Tumor infiltrating lymphocytes (TILs), as defined by the International Immuno-Oncology Biomarker Working Group (www.tilsinbreastcancer.org), are mostly CD8+ TILs [6]. Two phase 3 Triple Negative Breast Cancer clinical trials, KN119 and Impassion130, both demonstrate that the quantity of TILs predicts outcome to immunotherapy [7]. Moreover, in Impassion130, benefit to immunotherapy using TILs is nearly similar to that of the CDx, using an assay that is known to be less sensitive than other well-known PDL1-assays [8]. PDL1-results, thus treatments for patients in breast cancer, will differ depending on the assay used, and this is well known also for urothelial cancer [9].

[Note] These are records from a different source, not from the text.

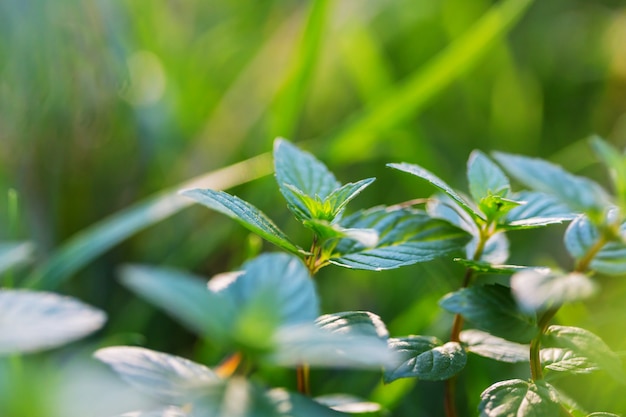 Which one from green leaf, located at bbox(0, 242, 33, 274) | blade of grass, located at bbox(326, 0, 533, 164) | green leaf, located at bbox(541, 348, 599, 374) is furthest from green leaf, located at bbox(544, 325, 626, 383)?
blade of grass, located at bbox(326, 0, 533, 164)

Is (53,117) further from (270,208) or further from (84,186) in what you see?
(270,208)

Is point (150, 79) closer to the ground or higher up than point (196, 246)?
higher up

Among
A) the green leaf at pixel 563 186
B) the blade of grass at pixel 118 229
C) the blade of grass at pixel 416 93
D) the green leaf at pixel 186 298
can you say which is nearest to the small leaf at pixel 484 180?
the green leaf at pixel 563 186

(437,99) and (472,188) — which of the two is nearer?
(472,188)

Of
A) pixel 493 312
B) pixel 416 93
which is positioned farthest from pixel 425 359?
pixel 416 93

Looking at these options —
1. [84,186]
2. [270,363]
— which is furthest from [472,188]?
[84,186]

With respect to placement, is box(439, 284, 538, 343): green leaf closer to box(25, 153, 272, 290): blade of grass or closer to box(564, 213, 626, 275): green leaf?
box(564, 213, 626, 275): green leaf

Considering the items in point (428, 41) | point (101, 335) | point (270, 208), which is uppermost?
point (428, 41)

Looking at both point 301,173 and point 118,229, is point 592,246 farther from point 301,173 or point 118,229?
point 118,229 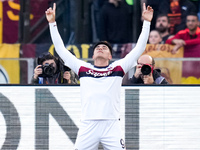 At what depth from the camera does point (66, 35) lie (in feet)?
30.2

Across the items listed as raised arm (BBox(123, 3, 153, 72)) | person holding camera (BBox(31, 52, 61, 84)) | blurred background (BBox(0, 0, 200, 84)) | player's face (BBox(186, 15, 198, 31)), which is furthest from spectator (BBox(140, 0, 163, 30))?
raised arm (BBox(123, 3, 153, 72))

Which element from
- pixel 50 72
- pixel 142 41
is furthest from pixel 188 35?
pixel 142 41

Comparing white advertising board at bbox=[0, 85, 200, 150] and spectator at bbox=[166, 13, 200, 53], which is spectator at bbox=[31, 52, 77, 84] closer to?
white advertising board at bbox=[0, 85, 200, 150]

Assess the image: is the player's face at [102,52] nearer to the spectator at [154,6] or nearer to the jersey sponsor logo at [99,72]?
the jersey sponsor logo at [99,72]

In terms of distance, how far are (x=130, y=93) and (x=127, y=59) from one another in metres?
0.95

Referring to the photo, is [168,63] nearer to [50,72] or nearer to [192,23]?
[192,23]

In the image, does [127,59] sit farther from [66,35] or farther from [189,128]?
[66,35]

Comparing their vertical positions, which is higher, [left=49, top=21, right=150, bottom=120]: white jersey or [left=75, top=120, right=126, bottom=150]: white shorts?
[left=49, top=21, right=150, bottom=120]: white jersey

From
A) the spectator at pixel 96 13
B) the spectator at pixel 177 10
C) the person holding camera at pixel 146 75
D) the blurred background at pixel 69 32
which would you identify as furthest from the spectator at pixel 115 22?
the person holding camera at pixel 146 75

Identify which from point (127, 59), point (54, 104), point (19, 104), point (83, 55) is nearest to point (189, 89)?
point (127, 59)

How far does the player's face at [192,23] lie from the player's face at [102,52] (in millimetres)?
3525

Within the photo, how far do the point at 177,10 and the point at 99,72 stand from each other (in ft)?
12.7

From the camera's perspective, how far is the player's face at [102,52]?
553 cm

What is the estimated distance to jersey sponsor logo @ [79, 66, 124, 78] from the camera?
5.55m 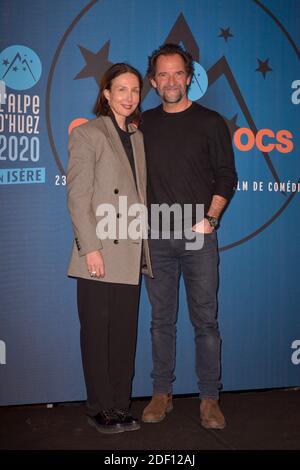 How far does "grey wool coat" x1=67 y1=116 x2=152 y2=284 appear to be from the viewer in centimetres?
244

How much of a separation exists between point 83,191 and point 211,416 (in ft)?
4.03

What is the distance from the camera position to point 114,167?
251cm

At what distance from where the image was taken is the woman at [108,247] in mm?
2455

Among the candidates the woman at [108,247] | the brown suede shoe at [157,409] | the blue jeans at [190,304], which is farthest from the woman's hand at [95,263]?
the brown suede shoe at [157,409]

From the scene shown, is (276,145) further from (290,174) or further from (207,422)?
(207,422)

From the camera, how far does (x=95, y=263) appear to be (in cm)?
244

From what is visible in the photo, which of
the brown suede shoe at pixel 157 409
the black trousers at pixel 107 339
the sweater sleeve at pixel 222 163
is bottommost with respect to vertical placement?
Answer: the brown suede shoe at pixel 157 409

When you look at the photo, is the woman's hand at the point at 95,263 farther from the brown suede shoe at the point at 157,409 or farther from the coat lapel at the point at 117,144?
the brown suede shoe at the point at 157,409

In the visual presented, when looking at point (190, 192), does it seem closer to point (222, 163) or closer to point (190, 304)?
point (222, 163)


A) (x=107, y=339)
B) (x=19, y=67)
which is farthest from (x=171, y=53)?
(x=107, y=339)

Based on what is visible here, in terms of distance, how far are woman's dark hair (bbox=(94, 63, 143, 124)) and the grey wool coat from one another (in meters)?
0.09

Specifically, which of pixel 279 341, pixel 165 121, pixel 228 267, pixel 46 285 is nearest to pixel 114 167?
pixel 165 121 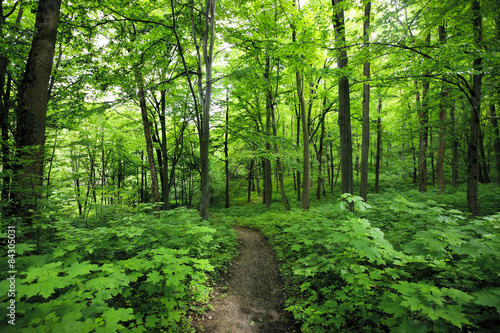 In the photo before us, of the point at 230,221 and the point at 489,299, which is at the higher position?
the point at 489,299

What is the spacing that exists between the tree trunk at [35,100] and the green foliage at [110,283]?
3.68 ft

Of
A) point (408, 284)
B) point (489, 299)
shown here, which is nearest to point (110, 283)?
point (408, 284)

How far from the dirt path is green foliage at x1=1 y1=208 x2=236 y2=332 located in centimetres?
41

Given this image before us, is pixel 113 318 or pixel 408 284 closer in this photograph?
pixel 113 318

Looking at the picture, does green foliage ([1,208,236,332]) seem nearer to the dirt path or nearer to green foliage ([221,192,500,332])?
the dirt path

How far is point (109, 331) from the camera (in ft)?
6.12

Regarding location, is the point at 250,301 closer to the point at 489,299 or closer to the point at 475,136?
the point at 489,299

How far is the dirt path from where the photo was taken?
3439 millimetres

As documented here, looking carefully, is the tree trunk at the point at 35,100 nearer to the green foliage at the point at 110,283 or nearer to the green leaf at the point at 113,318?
the green foliage at the point at 110,283

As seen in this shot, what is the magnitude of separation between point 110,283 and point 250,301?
3030 millimetres

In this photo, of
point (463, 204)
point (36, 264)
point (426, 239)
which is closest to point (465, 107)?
point (463, 204)

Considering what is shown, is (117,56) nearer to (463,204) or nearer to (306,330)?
(306,330)

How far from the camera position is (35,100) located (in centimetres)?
410

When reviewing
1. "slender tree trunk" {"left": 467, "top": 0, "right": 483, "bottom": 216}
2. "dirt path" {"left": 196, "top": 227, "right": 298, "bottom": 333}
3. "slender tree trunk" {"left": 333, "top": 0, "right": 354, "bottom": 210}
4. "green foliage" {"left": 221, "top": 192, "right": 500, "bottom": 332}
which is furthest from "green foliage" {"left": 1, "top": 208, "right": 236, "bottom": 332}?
"slender tree trunk" {"left": 467, "top": 0, "right": 483, "bottom": 216} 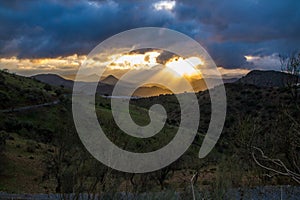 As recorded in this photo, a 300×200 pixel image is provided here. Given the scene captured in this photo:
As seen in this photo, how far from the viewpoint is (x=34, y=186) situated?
26.3m

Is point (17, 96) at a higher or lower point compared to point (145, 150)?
higher

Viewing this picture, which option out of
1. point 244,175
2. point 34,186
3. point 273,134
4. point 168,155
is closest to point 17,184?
point 34,186

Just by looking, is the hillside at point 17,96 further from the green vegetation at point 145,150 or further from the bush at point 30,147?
the bush at point 30,147

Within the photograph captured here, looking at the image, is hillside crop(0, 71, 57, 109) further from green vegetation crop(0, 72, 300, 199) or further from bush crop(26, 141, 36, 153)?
bush crop(26, 141, 36, 153)

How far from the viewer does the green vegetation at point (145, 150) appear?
10188mm

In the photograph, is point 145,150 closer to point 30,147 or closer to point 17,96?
point 30,147

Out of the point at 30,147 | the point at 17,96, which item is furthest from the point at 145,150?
the point at 17,96

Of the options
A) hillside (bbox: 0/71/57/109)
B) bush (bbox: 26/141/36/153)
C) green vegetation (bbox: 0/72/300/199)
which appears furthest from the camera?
hillside (bbox: 0/71/57/109)

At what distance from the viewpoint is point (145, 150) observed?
1076 inches

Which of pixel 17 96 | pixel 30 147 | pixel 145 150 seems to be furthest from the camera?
pixel 17 96

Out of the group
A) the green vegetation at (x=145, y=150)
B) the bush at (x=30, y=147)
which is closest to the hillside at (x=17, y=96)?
the green vegetation at (x=145, y=150)

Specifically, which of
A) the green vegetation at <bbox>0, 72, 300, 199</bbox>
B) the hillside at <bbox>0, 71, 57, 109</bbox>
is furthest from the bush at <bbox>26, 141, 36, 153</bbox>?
the hillside at <bbox>0, 71, 57, 109</bbox>

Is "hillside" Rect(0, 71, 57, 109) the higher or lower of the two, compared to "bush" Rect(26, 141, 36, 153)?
higher

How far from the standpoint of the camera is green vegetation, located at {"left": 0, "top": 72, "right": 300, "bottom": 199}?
1019cm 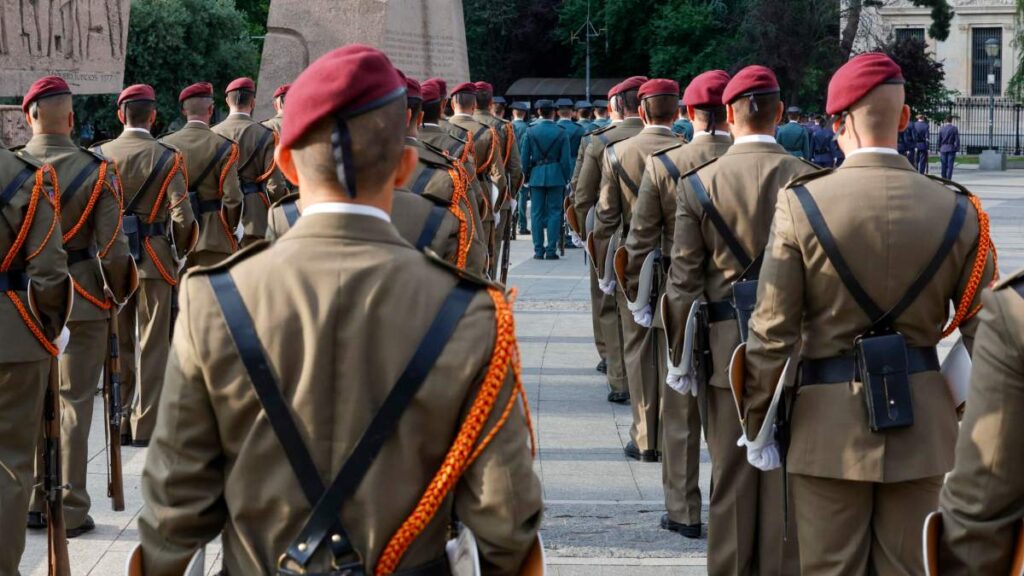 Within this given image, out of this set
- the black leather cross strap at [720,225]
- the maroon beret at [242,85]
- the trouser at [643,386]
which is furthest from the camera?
the maroon beret at [242,85]

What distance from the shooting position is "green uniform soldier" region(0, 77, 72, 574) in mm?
5543

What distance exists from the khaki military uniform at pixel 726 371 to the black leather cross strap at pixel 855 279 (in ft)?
4.29

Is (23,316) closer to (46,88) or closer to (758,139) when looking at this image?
(46,88)

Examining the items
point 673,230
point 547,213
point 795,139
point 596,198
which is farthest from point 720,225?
point 795,139

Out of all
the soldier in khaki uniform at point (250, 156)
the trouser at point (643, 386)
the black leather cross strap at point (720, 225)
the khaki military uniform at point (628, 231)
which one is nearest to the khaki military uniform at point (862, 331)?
the black leather cross strap at point (720, 225)

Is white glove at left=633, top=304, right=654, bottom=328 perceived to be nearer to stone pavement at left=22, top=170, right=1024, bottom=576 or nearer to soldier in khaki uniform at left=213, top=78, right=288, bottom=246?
stone pavement at left=22, top=170, right=1024, bottom=576

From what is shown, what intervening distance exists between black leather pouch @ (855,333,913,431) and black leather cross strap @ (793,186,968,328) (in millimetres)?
71

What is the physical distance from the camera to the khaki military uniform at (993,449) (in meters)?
2.90

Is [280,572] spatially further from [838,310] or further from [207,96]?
[207,96]

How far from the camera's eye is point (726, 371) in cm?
579

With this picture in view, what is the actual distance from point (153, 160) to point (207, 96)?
171cm

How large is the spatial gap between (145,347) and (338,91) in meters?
6.49

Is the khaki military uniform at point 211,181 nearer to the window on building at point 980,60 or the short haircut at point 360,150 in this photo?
the short haircut at point 360,150

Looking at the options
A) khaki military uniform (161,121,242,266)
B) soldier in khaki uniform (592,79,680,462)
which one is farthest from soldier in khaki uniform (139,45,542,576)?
khaki military uniform (161,121,242,266)
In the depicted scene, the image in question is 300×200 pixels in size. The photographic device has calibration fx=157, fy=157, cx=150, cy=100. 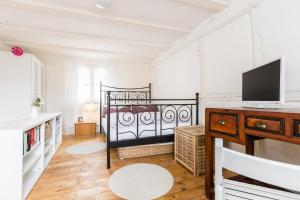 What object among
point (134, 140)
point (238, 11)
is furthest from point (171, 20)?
point (134, 140)

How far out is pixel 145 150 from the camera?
2.61 m

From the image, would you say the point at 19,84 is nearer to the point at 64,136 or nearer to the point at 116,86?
the point at 64,136

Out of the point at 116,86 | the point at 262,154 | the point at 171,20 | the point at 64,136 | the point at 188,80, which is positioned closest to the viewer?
the point at 262,154

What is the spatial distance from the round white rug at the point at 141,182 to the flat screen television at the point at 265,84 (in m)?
1.26

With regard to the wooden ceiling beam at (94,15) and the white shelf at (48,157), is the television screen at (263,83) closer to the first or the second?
the wooden ceiling beam at (94,15)

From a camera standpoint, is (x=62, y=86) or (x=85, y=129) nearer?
(x=85, y=129)

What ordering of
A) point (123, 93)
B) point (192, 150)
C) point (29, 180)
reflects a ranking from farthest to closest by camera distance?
point (123, 93)
point (192, 150)
point (29, 180)

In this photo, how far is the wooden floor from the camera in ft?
5.24

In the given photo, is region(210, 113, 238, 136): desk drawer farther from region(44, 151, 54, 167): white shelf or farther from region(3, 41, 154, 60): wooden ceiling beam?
region(3, 41, 154, 60): wooden ceiling beam

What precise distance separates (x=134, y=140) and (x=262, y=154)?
1.60 meters

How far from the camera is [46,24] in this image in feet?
8.29

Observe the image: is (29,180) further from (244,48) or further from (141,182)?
(244,48)

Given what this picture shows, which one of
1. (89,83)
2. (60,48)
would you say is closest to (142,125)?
(89,83)

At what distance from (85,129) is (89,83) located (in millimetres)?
1306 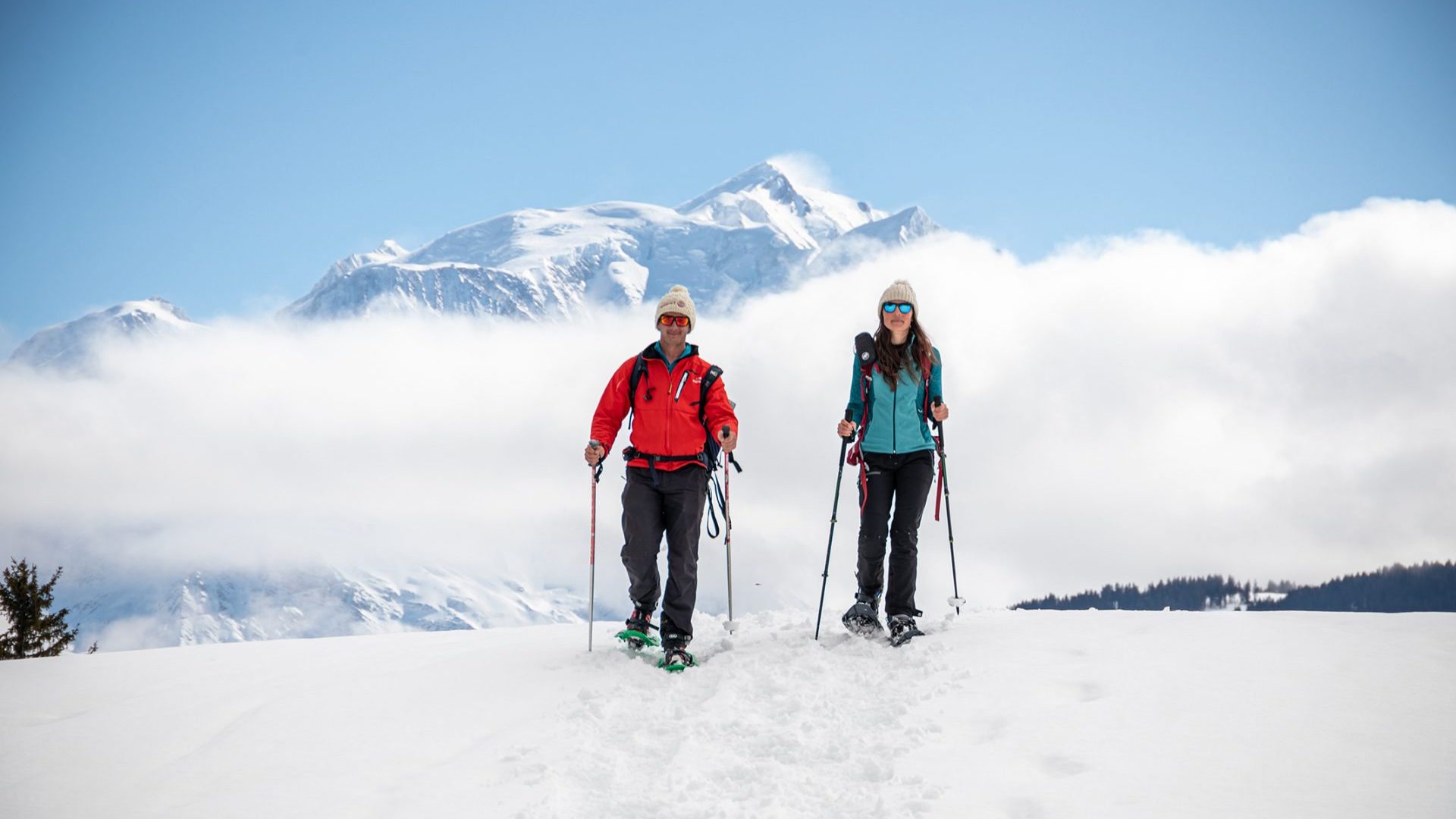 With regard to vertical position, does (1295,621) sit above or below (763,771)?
above

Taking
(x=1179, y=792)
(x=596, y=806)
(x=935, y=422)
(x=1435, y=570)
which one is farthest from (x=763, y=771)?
(x=1435, y=570)

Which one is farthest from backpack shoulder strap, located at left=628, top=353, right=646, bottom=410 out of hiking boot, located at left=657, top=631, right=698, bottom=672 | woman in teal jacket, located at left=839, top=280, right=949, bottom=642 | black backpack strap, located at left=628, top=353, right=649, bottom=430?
hiking boot, located at left=657, top=631, right=698, bottom=672

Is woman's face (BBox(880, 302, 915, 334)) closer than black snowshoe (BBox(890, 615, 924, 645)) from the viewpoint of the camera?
No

The findings of Feng Li and colleagues need to be confirmed, preferably in prospective trials. Thorough validation of CD8-immunohistochemistry assays needs to be performed, and programs of evaluation of performance between pathologists need to be installed. Yet, considering the different performances of the anti PD-L1 assays, even when used in the same tumortype, why not use a biomarker that relates to the quantity of the immune cells and that is independent of the assay used? This would obviate many of the issues the scientific community is today facing with PDL1-assays. TILs, thus CD8+ TILs correspond to this definition. Some PDL1-assays either rely on immune cells (in breast) or on immune cells combined with tumor cells (in head and neck and urothelial cancer). Consider a patients’ cancer that has many immune cells but is PDL1-negative. This situation may provide dilemma's in daily practice. What will the clinician or pathologists do? Either consider the PDL1-stain as negative, irrespective of the presence of many TILs, either reconsider the staining or even redo the PDL1-stain with another assay?
Finally, will the drug industry will ever consider the quantity of immune cells as a reliable biomarker for selection of patients for immunotherapy in their trials? This can only be achieved if the drug industry considers other biomarkers beyond PDL1 as selection criterion for patients in their immunotherapeutic trials. Changing the current narrative that a clinical trial serves to validate an assay, not a biomarker, into a narrative where the clinical trial serves to validate a biomarker, and not an assay, will certainly help. If this is achieved, then TILs, using morphology, evaluated according to established guidelines, or with immunohistochemistry for CD8, or even by DNA-sequencing [10], may one day be used in daily practice in a rational and biological plausible manner.
Declaration of Competing Interest
The authors declare no conflicts of interest related to this manuscript.
Author Contribution
Both authors contributed equally to the content of this manuscript.